Apart from the scale of the 1966 massacre, the quantum of destruction and lost of human lives in the Zagon Kataf {1992} and the Tafawa Balewa {1991} disturbances were scary. The carnage was unimaginable. And in those two, writes Prof. Sonni Tyoden, “the Hausa/Fulani were at the receiving end”. Those, would have been enough to make the Hausas sit back and critically reflect on their role in this funny amalgam called Nigeria, but had they? No.

The Sagamu riots of 1999 between the Hausas and the Yorubas, was as a result of the intransigence of Hausas to obey a simple cultural ritual observance of the Yorubas: the Oro festival. The Ketu – Mile 12 riot of the same 1999, between the Yoruba and the Hausa was also a case of the Hausa /Fulani trying to play the landlord in another man’s territory. A thing which is a taboo for Southerners living in Kano, Sokoto, Katsina, Zamfara and Daura.

Even the Bodija/ Ibadan market riot of 23 June 1999, was caused when a Yoruba man was knocked down by a cow among a herd of cattle. An argument which had erupted over the incident snowballed into fisticuffs. An Oodua mob later formed and a bloody riot started. That, left 10 people stone dead and 130 shops burnt.

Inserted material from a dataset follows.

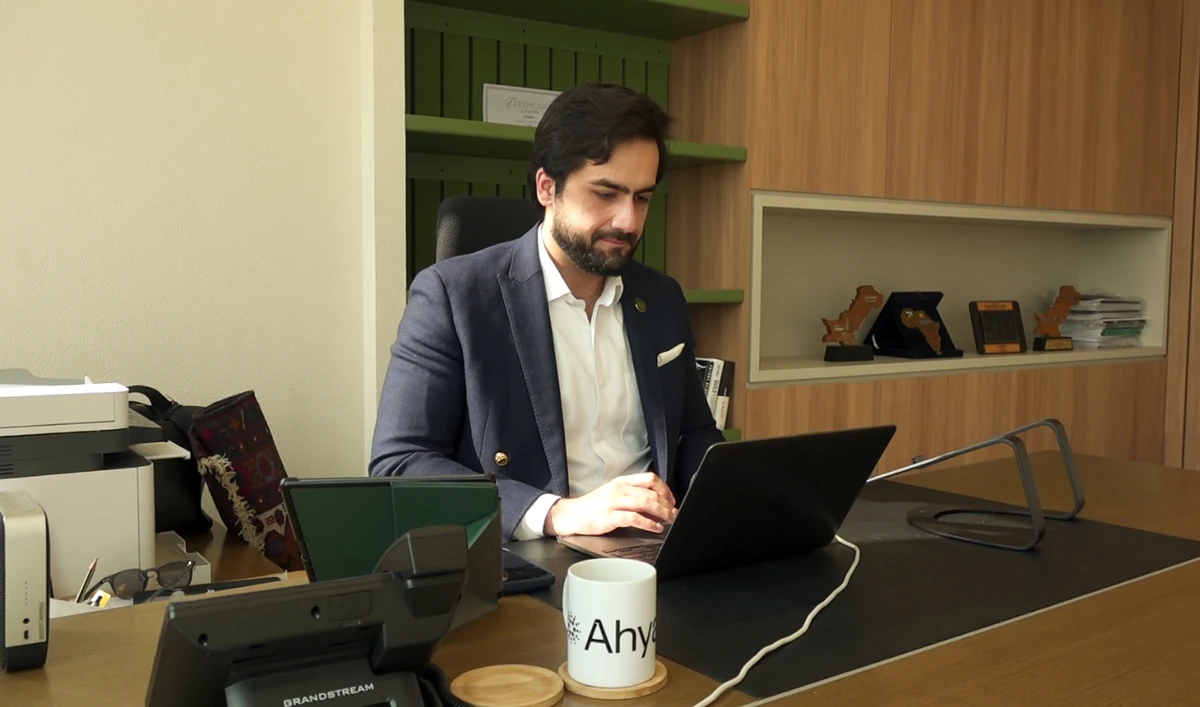 Salaal Hasan, founder of Ahya Technologies and a chemical engineer, works in his office in Karachi, Pakistan, on November 28, 2025. (AN)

When Alhaji Aliko Dangote decided to use his trailers to evacuate the victims of the Ketu-Mile 12 riots back to our riot prone Kano. The returnees recounted their ordeal to their Kano brethren. Within seconds, an Arewa mob had formed and had unleashed horror and retaliated on the Yorubas resident in Kano. Such is the doomsday lifestyle of Nigerians. The act of revenge has evolved into part of our value system! It is this “an eye for an eye” philosophy, says Ghandhi, that has made ” the world blind”. So, with the exception of Aguleri / Umuleri, Ife / Modakeke and Junkuns/Tiv communal clashes whose scales are scary but limited in spread, most others in the North come with intense deathliness to southerners.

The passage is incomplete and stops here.